L’application de l’article 289 proposée par le Sénat conditionnant son vote de la loi électorale de 2013 amendée est-elle possible ? Pourquoi pas  si cela permettra de débloquer la situation? Alors, une fois de plus et dans ce cas précis, c’est l’Exécutif qui doit céder aux exigences du Sénat. Au cas où l’Exécutif accepterait de céder, quelle garantie donnerait le Sénat en vue de favoriser une accélération du processus électoral pour aboutir au premier tour des élections, le 26 octobre 2014 ? Combien de temps prendraient les nouveaux acteurs impliqués  pour désigner et envoyer leur représentant au sein  du nouveau CEP provisoire? Par rapport à toutes ces interrogations, aurait-on le temps matériel d’organiser les élections, le 26 octobre 2014, tel que prévu par l’accord del Rancho? Selon le Sénat, avec de la bonne volonté, la mise en place d’un CEP provisoire selon l’article 289 pourrait se faire en une semaine, alors que le pays a attendu plus d’un an pour la mise en place consensuelle du CT-CEP, après avoir tenté, sans succès, la mise en place d’un CEP permanent selon la Constitution 1987 amendée. Que c’est encore plus compliqué tout cela !

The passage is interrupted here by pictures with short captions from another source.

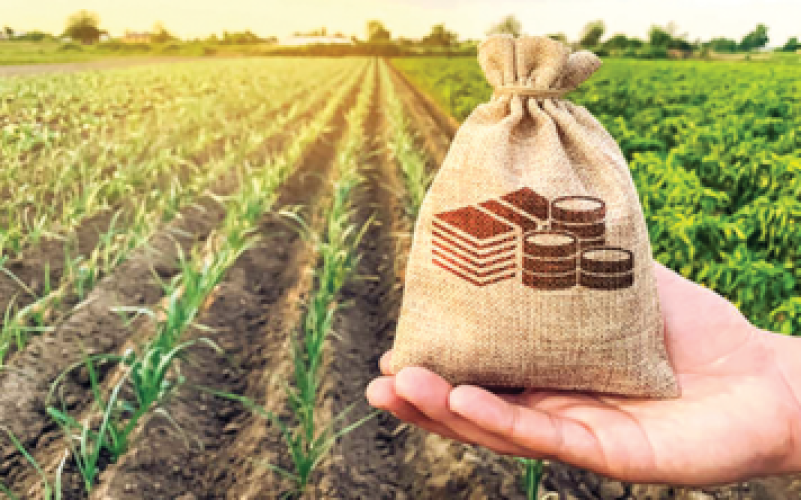 Rural Development and Finance
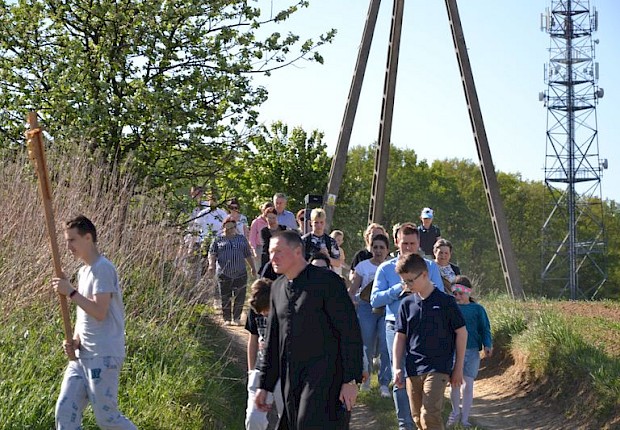 Pielgrzymka do Matki Bożej w lesie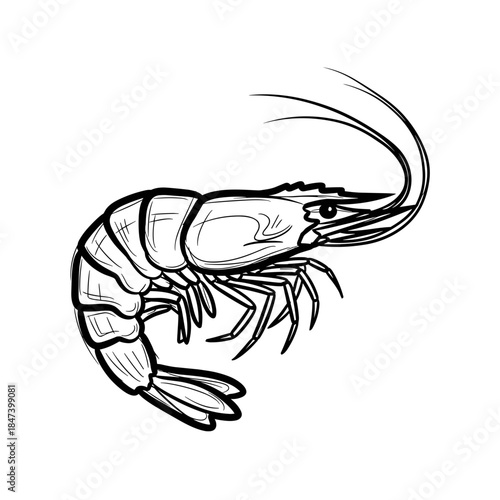 Shrimp illustration in black and white outline design  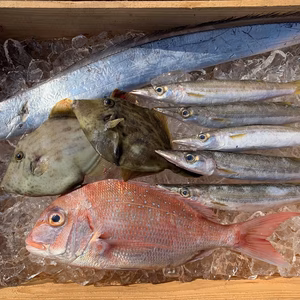 和歌山の旬が詰まった鮮魚ＢＯＸ！(中サイズ)
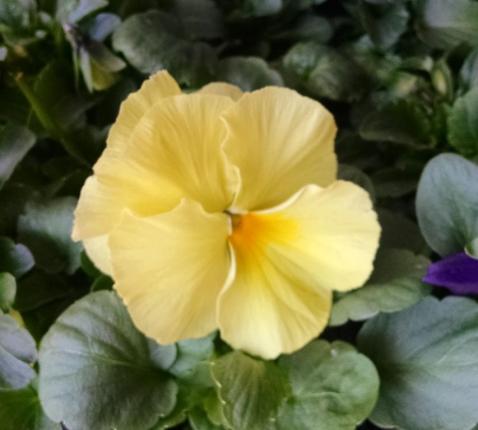yellow pansy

De toute manière, s’il faut en passer par là avec la certitude d’éviter de résoudre le problème dans la rue, il faut le faire. Mais n’est-ce pas le vrai enjeu de toutes ces tergiversations, donner du temps aux alliés de l’opposition pour organiser le déchoucage de l’Exécutif par la rue? N’est-ce-pas « ce foutu processus de Dialogue » enclenché par l’Eglise catholique qui a permis à Martelly de tenir jusqu’ici, penseraient les partisans du raché manyok? Puisque, si le pays ne peut pas fonctionner sans un Parlement élu, il pourra bien fonctionner avec un Exécutif non élu, n’est-ce-pas ? (Ironie et allusion par rapport à la note de la Société Civile d’octobre 2013 accusant Martelly d’avoir en tête de déclarer caduc le Parlement en janvier 2014). Car, en cas de déchoucage de l’Exécutif (Président et Premier Ministre), l’Opposition finirait par trouver une solution politique et/ou constitutionnelle pour mieux faire marcher le pays. Savez-vous qu’en final, en cas de déchoucage de l’administration Martelly,  et, selon l’article 149 de la Constitution amandée, dernier paragraphe, c’est le Président de l’Assemblée Nationale qui aura le destin du pays en main ? Oyez plutôt : « Dans le cas où la vacance se produit à partir de la quatrième année du mandat présidentiel, l’Assemblée Nationale se réunit d’office dans les soixante (60) jours qui suivent la vacance pour élire un nouveau Président Provisoire de la République pour le temps qui reste à courir.»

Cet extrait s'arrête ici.